La victoria de Guaraní por 2-0 frente a General Caballero de Juan León Mallorquín, lograda ayer en el estadio Ka’arendy, podría tener el brío de un paso decisivo en la recta final del Clausura. Pero en realidad deja un sabor amargo: el Cacique aún no manda sobre su destino y su fútbol deja demasiado que desear
El partido arrancó con poca chispa. General Caballeroapenas hilvanó ideas, y Guaraní, lejos de desplegarse con convicción, sobrevivió a base de errores ajenos. El primer gol nació de un blooper: un saque de esquina ejecutado por Manzur encontró a Zaracho, que ganó la carrera con su marcador, y terminó empujando el balón hacia su propia red.
Los fantasmas volvieron con el VAR. Se anuló un penal para cada bando: primero por offside previo a una falta, luego por una supuesta mano que terminó siendo natural. Guaraní se salvó de la pena máxima, y el árbitro Colmán levantó el pito con justicia.
En el segundo tiempo, el equipo aurinegro apenas consiguió mantener la ventaja.
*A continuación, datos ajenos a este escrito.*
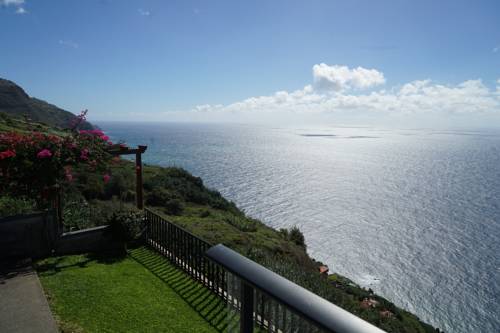 Calheta Portugal Booking.com hotel buy discount code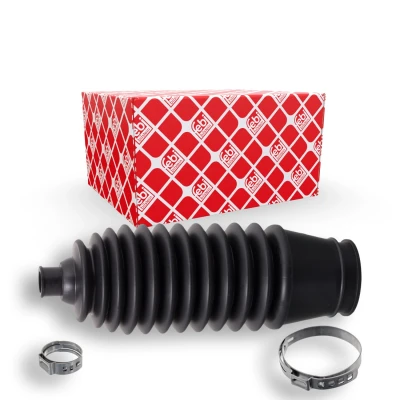 Bild av Bälgsats, styrsystem Febi bilstein 101866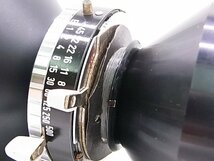 Schneider SUPER-ANGULON 90mm f5.6 USED p100_画像7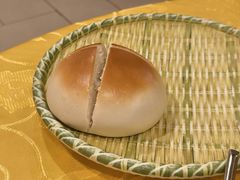 -同和居(月坛店)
No ofreció un ataque convincente ni demostró autoridad: cedió la iniciativa, dejó espacios y sufrió en defensa.
Los rojos de Mallorquín apretaron con saques de esquina, pero siempre chocaron ante errores propios o un Guaraní que mostraba más sustancia en la defensa que brillantez en el ataque. En el final, llegó el segundo gol de la mano de Richar Torales, con garra y envío largo de Aldo Pérez, más como un destello aislado que como producto de un plan poderoso.
Lo más grave de este triunfo no es solo la fragilidad del juego, sino que Guaraní no depende de sí mismo para ser campeón. Aun con estos tres puntos, las posibilidades matemáticas lo mantienen vivo, pero su fútbol ya no convence.
En síntesis, Guaraní ganó, sí, pero lo hizo de la forma más precaria posible. No luce como un campeón genuino: parece más un sobreviviente aferrado a una esperanza sin vida que a una ambición real. Si quiere levantar la copa, deberá mejorar mucho más que lo que mostró hoy y depender de Tembetary.